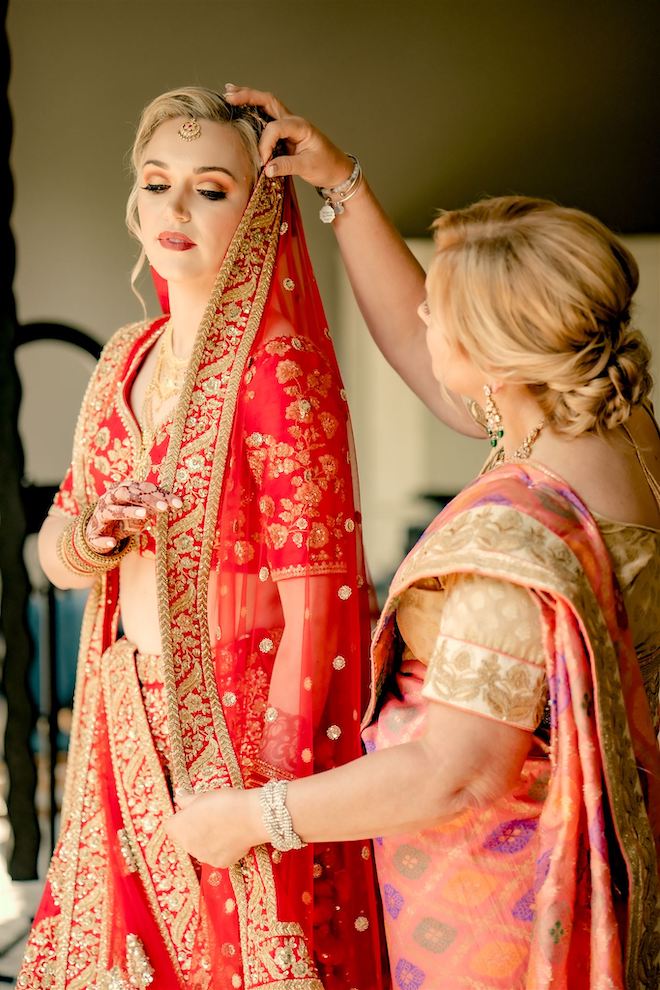 Mother of the Bride helping her daughter get ready for the ceremony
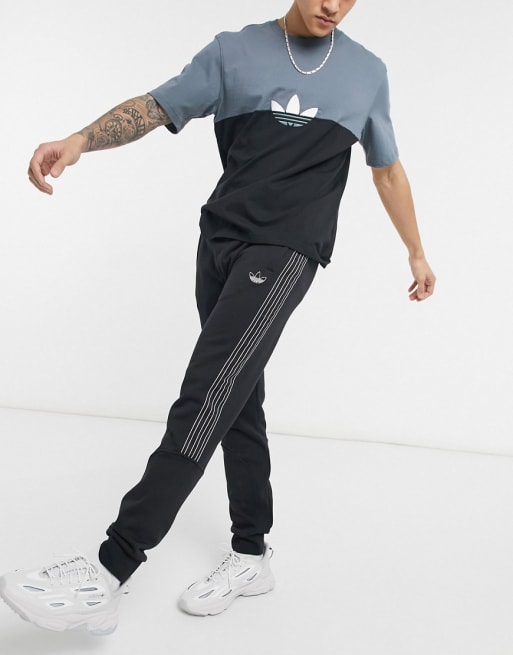 Conjunto negro con tres bandas SPRT de adidas Originals
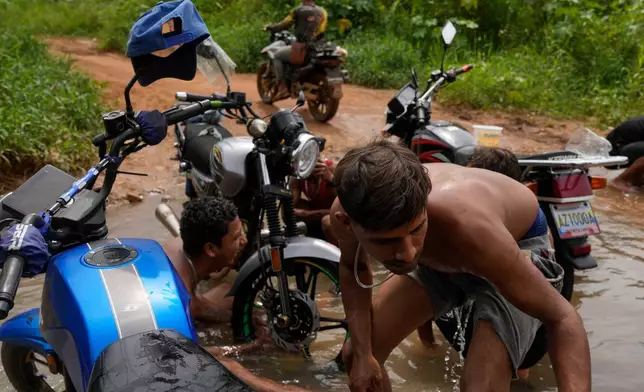 Gold miners wash their motorbike in a creek in El Callao, Venezuela, Tuesday, Jan. 22, 2026. (AP Photo/Matias Delacroix)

━━━

[Work instructions]
Could you restate all of the data above word for word and skip every picture?

[Solution for this task]
 Mother of the Bride helping her daughter get ready for the ceremony
 Conjunto negro con tres bandas SPRT de adidas Originals
 Gold miners wash their motorbike in a creek in El Callao, Venezuela, Tuesday, Jan. 22, 2026. (AP Photo/Matias Delacroix)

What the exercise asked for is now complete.